* [Your assignment] Take the line that contains "X0000064051374200602101439" as the first line and the last line of the records as the end. Please set down everything in that range exactly.

* [Source records]
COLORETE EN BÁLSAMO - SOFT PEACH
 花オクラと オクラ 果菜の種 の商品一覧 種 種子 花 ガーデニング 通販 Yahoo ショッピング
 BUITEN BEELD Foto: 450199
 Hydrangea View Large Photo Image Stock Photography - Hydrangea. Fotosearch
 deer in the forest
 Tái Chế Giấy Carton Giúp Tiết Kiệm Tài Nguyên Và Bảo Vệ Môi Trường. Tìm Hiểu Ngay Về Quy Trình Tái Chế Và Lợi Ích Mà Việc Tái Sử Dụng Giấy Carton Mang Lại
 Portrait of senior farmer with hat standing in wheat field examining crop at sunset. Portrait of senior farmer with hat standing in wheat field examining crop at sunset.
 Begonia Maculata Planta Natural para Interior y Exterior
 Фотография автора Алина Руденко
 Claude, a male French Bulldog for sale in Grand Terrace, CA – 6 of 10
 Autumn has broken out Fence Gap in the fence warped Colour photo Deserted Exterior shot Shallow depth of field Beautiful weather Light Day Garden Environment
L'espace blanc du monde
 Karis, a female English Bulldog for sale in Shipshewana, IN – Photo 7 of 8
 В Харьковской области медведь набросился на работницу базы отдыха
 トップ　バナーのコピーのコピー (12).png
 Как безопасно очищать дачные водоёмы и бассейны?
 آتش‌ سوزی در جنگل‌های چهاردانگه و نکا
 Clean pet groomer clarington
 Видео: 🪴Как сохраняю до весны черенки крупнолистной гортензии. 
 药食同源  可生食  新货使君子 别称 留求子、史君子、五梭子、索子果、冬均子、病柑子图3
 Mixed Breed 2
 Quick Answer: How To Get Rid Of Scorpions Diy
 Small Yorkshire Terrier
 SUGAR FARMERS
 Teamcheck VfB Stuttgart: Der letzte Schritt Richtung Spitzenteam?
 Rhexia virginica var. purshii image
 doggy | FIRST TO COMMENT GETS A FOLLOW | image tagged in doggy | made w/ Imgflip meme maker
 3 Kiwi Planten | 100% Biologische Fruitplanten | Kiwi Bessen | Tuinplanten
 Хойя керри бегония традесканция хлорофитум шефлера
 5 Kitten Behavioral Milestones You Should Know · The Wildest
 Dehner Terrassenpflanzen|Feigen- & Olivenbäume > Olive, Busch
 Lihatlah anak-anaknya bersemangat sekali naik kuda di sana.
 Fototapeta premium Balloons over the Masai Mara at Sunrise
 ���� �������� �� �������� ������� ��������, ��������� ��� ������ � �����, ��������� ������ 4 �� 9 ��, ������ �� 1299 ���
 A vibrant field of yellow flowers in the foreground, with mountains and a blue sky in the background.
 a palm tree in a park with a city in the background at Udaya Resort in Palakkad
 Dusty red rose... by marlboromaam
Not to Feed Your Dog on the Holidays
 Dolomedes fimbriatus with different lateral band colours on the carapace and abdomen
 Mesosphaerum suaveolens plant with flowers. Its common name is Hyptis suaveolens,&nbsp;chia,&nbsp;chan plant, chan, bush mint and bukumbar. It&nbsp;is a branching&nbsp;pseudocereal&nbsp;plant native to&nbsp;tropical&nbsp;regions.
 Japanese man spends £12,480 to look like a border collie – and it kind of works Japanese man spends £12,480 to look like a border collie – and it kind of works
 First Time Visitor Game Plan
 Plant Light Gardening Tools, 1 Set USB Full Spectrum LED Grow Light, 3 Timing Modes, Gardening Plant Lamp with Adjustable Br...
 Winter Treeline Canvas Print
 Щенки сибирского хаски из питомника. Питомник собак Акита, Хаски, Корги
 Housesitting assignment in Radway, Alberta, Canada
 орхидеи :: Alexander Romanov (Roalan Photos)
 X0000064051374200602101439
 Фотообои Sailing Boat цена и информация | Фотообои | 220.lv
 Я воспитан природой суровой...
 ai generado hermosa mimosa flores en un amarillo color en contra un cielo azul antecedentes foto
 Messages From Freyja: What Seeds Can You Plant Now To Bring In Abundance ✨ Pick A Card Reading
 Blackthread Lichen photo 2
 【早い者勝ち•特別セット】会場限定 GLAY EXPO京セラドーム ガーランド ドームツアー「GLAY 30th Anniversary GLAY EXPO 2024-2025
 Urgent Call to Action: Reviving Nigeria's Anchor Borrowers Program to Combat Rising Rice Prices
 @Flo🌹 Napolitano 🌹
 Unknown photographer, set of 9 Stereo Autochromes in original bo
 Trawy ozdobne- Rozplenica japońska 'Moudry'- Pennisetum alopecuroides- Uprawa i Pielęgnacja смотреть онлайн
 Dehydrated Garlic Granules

* [Solution to this exercise]
 X0000064051374200602101439
 Фотообои Sailing Boat цена и информация | Фотообои | 220.lv
 Я воспитан природой суровой...
 ai generado hermosa mimosa flores en un amarillo color en contra un cielo azul antecedentes foto
 Messages From Freyja: What Seeds Can You Plant Now To Bring In Abundance ✨ Pick A Card Reading
 Blackthread Lichen photo 2
 【早い者勝ち•特別セット】会場限定 GLAY EXPO京セラドーム ガーランド ドームツアー「GLAY 30th Anniversary GLAY EXPO 2024-2025
 Urgent Call to Action: Reviving Nigeria's Anchor Borrowers Program to Combat Rising Rice Prices
 @Flo🌹 Napolitano 🌹
 Unknown photographer, set of 9 Stereo Autochromes in original bo
 Trawy ozdobne- Rozplenica japońska 'Moudry'- Pennisetum alopecuroides- Uprawa i Pielęgnacja смотреть онлайн
 Dehydrated Garlic Granules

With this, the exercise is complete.